Il est maintenant associé au terme de sauveur, libérateur.
A l'origine, c'est l'oint du Seigneur, celui qui reçoit l'huile, signe d'une consécration à Dieu ou bien plus simplement d'un revêtement qui met à part. Il était d'abord destiné (voir Exode) au sacrificateur.
Sacrificateur, rôle du prêtre et rôle politique primordial. Qui, comment sacrifier pour que le sacrifice donne la paix à la société ?
L'onction l'aidait à réaliser pleinement cette tâche et à protéger le reste de la société, à l'isoler et du coup à faire de cet homme une victime en puissance.
Comme l'explique Benoit Chantre plus bas, le rôle politique majeur chez les juifs a été amené à changer au long de leur histoire tumultueuse.
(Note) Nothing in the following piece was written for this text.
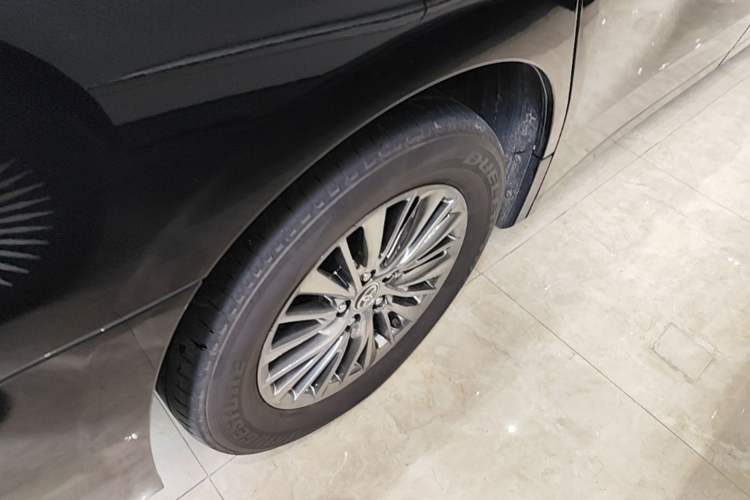 Used Toyota Alphard 2021 Dual-Engine 2.5L Luxury Edition Right Rear Wheel Hub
En exil, c'est le prophète qui recevait l'onction. Toujours, alors, il était l'homme politique, celui qui parlait de l'espérance de la libération du peuple. Enfin, le roi fut oint. Signe représentatif du chef, mais aussi de sa séparation des autres hommes de la société, là encore symbole de la victime en puissance (Violence et sacré de René Girard).
Depuis, le peuple juif n'a cessé d'attendre le nouveau messie (prêtre, prophète et roi) symbole d'une nouvelle libération attendue. Ce terme représente toute la problématique politique dans la religion.
Alors Jésus Christ? Jésus l'oint ? Les juifs ne le pensent pas....
Et les chrétiens estiment que c'est bien Jésus, l'homme politique dernier. Le prêtre, le prophète et le roi, celui que l'ancien testament ne cesse d'attendre.
Ici, je fais intervenir Haendel, son célèbre oratorio résume tout. Le texte n 'est qu'un assemblage de passage biblique résumant d'un point de vue chrétien le messianisme de Jésus. (texte)
L'attente et l'espérance de la première partie. La dimension douloureuse de ce Messie, (le serviteur souffrant dans Isaïe) et sa confirmation dans l'histoire présente et son commentaire dans les lettres de Saint Paul.
Car, oui, Jésus est la victime, son propre sacrificateur, et il prophétise toute l'espérance humaine, il présente le chemin de la libération par le sacrifice de soi.
Tout cela, je l'écris bien moins bien que Benoît Chantre comme vous pouvez le constater plus bas ou à partir de ce lien. (texte écris lors de sa responsabilité de la scénographe de l'oeuvre en 2011 au théâtre du Châtelet, je recommande vraiment le texte)
Est ce donc pour cela que les Chrétiens (souvent) sont si mauvais ou maladroit en politique actuelle ? Bien sur, la dimension de service à la communauté est forte mais l'homme politique est le personnage du sacrificateur-bouc-émissaire qui a été dépassé par le Christ qui a remis en cause toute politique et tout pouvoir politique... Notre époque ne parle t-elle pas de cela non plus ?
De cette situation où n'avons plus le choix qu'entre le royaume de Dieu et une violence qui a perdu tout sens.... Que faire malgré tout???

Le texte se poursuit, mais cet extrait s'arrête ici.